Foto: Antje Bösl

Comedian und Musiker strapaziert Lachmuskeln des Publikums. Bei "Katzeklo" singen alle mit.

Calw-Hirsau - Gut, dass seine Fans nochmal da waren. Helge Schneider will in Rente gehen nach dieser "Pretty Joe und die Dorfschönheiten"-Tour und frühestens in 40 Jahren ein Comeback starten.

So ganz nahm ihm das sein Publikum im Hirsauer Kreuzgang nicht ab, denn der zunächst in schwarzes Elefantenleder gewandete Meister des Absurden ließ keine Ermüdungserscheinungen erkennen. Mit abenteuerlichen Verrenkungen stakste er auf die Bühne, freute sich, dass "die vielen Fotografen ein schönes Bild vom schönsten Tag bekommen" und startete mit "Hast du eine Mutter, hast du immer Butter... im Schrank" einen Angriff auf die Seele sowie auf die Lachmuskeln seiner Zuhörer. Und "Katzeklo" kam sofort danach, damit die anwesenden Kinder anschließend heimgehen konnten. Ein gelangweiltes "Ihr könnt mitsingen" zeigte an, dass er sein Pflichtprogramm absolviert hatte.

Als unbedarfter Zuschauer fragt man sich, was die Faszination dieses Mannes ausmacht.
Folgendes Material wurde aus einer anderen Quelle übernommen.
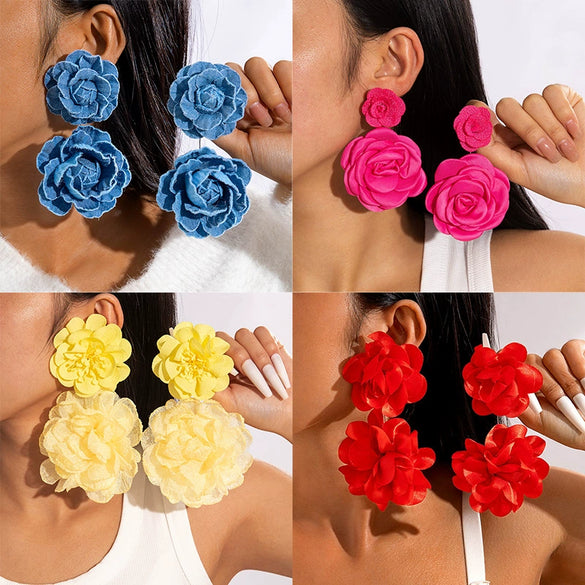 Fresh Multicolor Flower Fabric Earrings For Women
Dass er fasziniert, ist unschwer an den lautstarken Beifallsbekundungen und den nicht enden wollenden Lachsalven seiner begeisterten Fangemeinde zu hören. Der 1955 in Mülheim an der Ruhr geborene Tausendsassa spielte schon mit 15 Jahren in Cafés Klavier und bewies auch in Hirsau seine instrumentale Virtuosität, wenngleich er den Eindruck immer wieder durch schräge Einfälle verwischte. Klavier spielt er zeitgleich mit der Trompete, und das Saxophon-Mundstück schiebt er fast bis zum Anschlag in den Mund. "Heb mich mal auf den Hocker" befiehlt er Bodo, seinem Teekellner, macht sich stocksteif und lässt sich platzieren, um ein zwerchfellerschütterndes, von rasantem Gitarrenspiel begleitetes Flamenco-Geheul anzustimmen. Und prompt klemmt er sich die Finger in den Saiten ein.

Das spanische geht über ins japanische Idiom bei einem fernöstlichen Volksliedchen in Phantasiesprache. Als Schönheitschirurg von Banania verlängert er Brüste, füllt sie mit Holzwolle aus dem Kopf ihrer Trägerin oder wenn‘s noch nicht reicht, mit dem Inhalt des alten Teddys. Mit tiefem Bass singt er in Heino-Manier "100 000 Rosen", näselt und hampelt wie Grönemeyer "De Nacht ist kalt, de Couch breitet seine Flügel aus" und kriegt die Kurve in ein französisches Chanson.

Es ist wohl die Mischung aus all dem, die Schneiders Publikum fasziniert: Er hat den Jazz im Blut als Musiker, er hat eine Stimme, die einen erstaunlichen Tonumfang meistert, es kommt kaum ein Satz aus seinem Mund, der sich nicht aberwitzig schräg ins Absurde wendet. Und er ist ein herrlicher Parodist mit einem Hang zur Persiflage. "Es hat sich richtig, richtig gelohnt, dass ich hier dabei war!" Eine junge Zuhörerin hat kurzentschlossen eine der wenigen Restkarten an der Abendkasse gekauft, um ihr Idol endlich einmal live zu erleben. Als Zugabe bekam sie und der Rest des Publikums die einmalige Standup-Improvisationsgeschichte von der Katzenoma, die auf dem Weg zur Fleischtheke mit dem Daumen ins Handlaufgummi der Rolltreppe gerät und "in den vierten Stock hochgeschliffen wird".